*What is being asked*:
Please restate word for word all lines from the one containing "Nietzsche, le sujet, la" to the final line of the entries, and include no pictures.

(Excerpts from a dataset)
════════

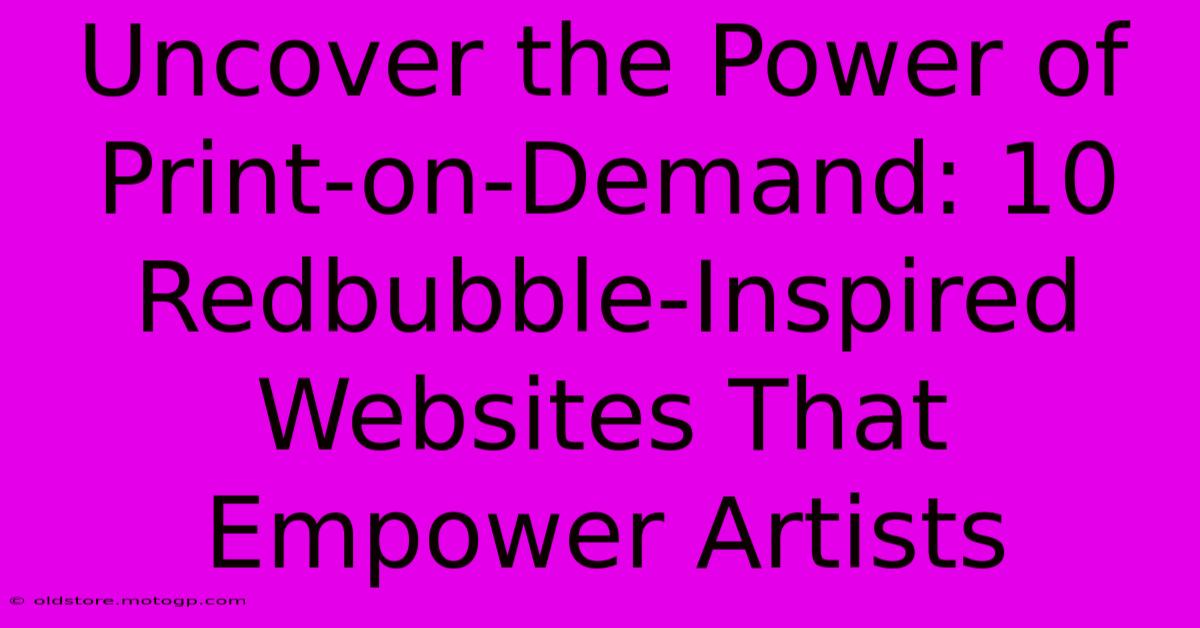 Uncover The Power Of Print-on-Demand: 10 Redbubble-Inspired Websites That Empower Artists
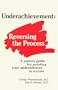 Underachievement: Reversing the Process  A Parents Guide for Assisting Your Underachiever to Success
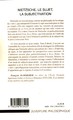 Nietzsche, le sujet, la subjectivation, Une lecture d'"Ecce homo" (9782296073425-back-cover)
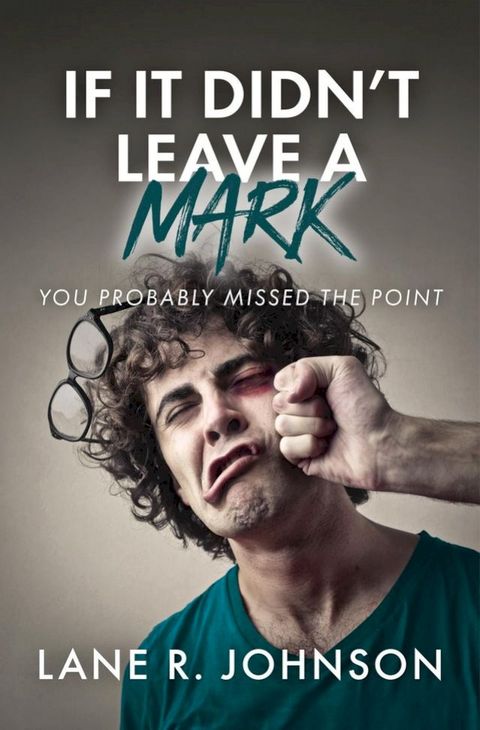 If It Didn't Leave a Mark, You Probably Missed the Point(Kobo/電子書)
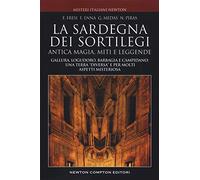 La Sardegna dei sortilegi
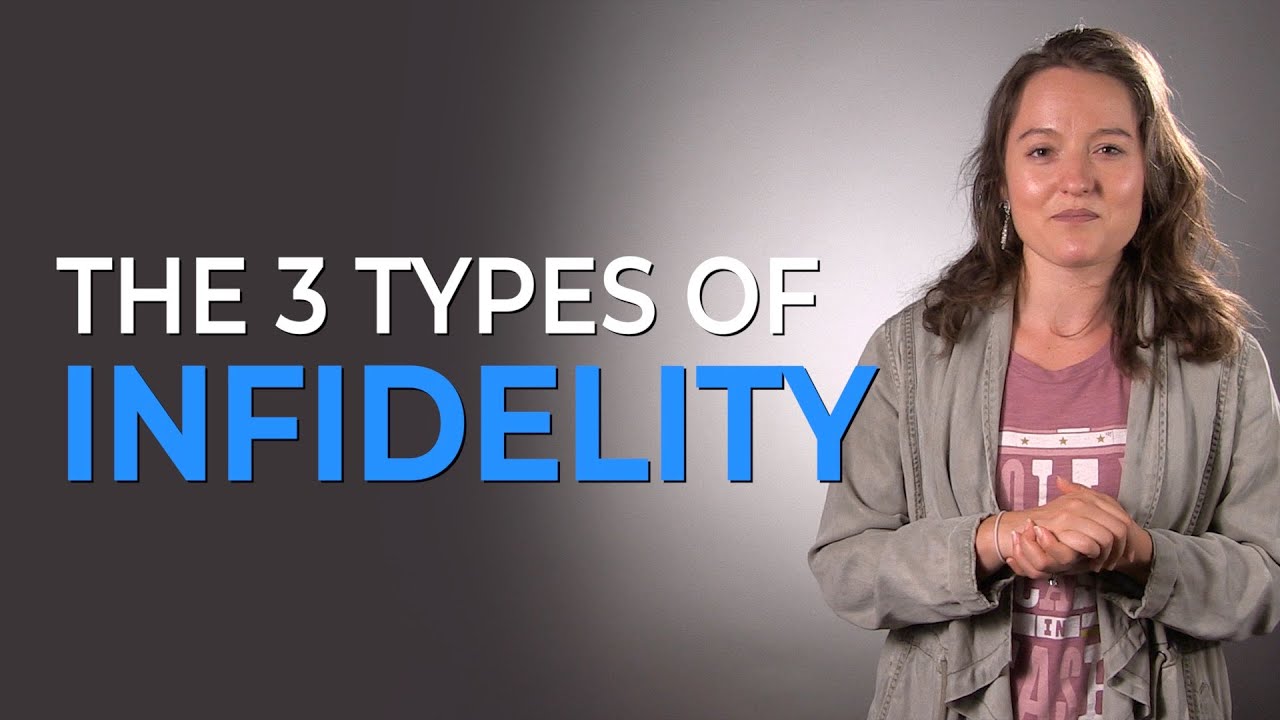 The 3 Types Of Infidelity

════════

*Solution for this task*:
 Nietzsche, le sujet, la subjectivation, Une lecture d'"Ecce homo" (9782296073425-back-cover)
 If It Didn't Leave a Mark, You Probably Missed the Point(Kobo/電子書)
 La Sardegna dei sortilegi
 The 3 Types Of Infidelity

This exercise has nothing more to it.